Riding the women’s rights wave

We rode the wave of the demand for women’s rights and built a new front of the women’s movement. Clerical work was the biggest occupation for women, accounting for one out of every three jobs. Women’s opportunities were so limited that it was an advantage for organizing: working-class and middle-class women, women of color and white women worked side by side.

We reached out to women who did not identify as feminists (“I’m no women’s libber but….”), promoting the ideas of women’s equality without the vocabulary. We handed out our newsletter at subway stations and distributed surveys at big companies, sometimes leaving a stack in the women’s bathrooms. Tear off slips “for more information” poured into the office and our organizers often had three recruitment lunches a day.

Our “Bad Boss” contests illuminated outrageous behavior. Twenty or so members, along with the media, would confront the boss—like the guy who made his secretary sew up a hole in his pants while he had them on, or the boss who required his secretary to go to the local bar and beep him if she found a woman who met his specifications—and we’d be all over the 6 o’clock news. We filed charges with government agencies and sued companies, and used public pressure to boost the campaigns.

In Boston alone we won millions of dollars in better pay and promotions in companies such as Houghton Mifflin, New England Merchants Bank and First National Bank, and Liberty Mutual and John Hancock insurance companies. (Years later, I was on a panel with a John Hancock executive who had been the personnel director when we targeted the company. He told me he had stayed in his office the night before the campaign kick-off. I’m not sure how he thought this would protect them.)

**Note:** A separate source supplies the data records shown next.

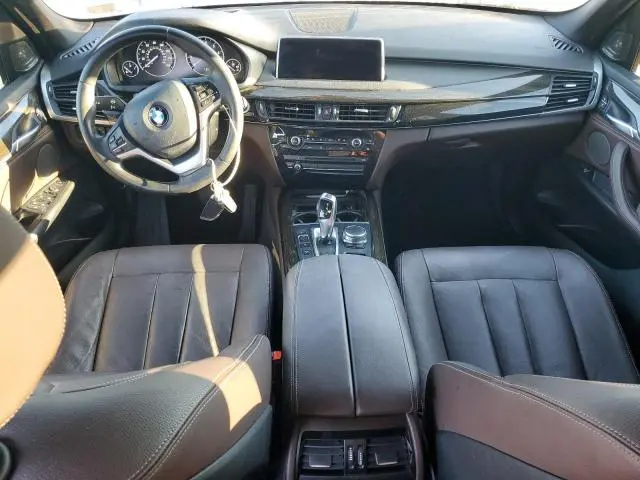 2017 BMW X5 XDR40E  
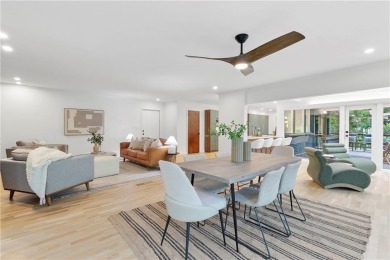 Welcome to your mid-century oasis in the heart of Atlanta and on North Fulton Golf Course in Georgia - for sale on GolfHomes.com, golf home, golf lot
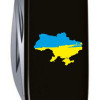 Victorinox SPARTAN UKRAINE Карта Украины сине-желт. 1.3603.3_T1166u (Vx13603.3_T1166u) - зображення 3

Our members gained skills running meetings, organizing events and making speeches. We gave women experiences fighting together, pairing Black, brown and white women, working-class and middle-class, old and young as committee co-chairs and speakers at events. We inspired Jane Fonda to make the movie “9 to 5” .which exploded the public debate, doubled the number of our chapters and generated 100,000 inquiries to a TV PSA featuring Fonda.

At the same time we built an institutional home with bargaining power in our sister union, SEIU 925. 9to5 members who organized for change in their workplace would come up against the intransigence of their employers and conclude they needed the power of a union to force them to bargain. Other women came to us through our hotline, leading to successful campaigns in universities, publishing houses, insurance companies and more.

But we got crushed in the mid-1980s and ’90s.We didn’t recognize the growing power of the right wing, promoted by Nixon and cemented by Reagan. Globalization and new technology were the background for a new wave of union-busting, a backlash against the women’s movement and a continued assault on people of color.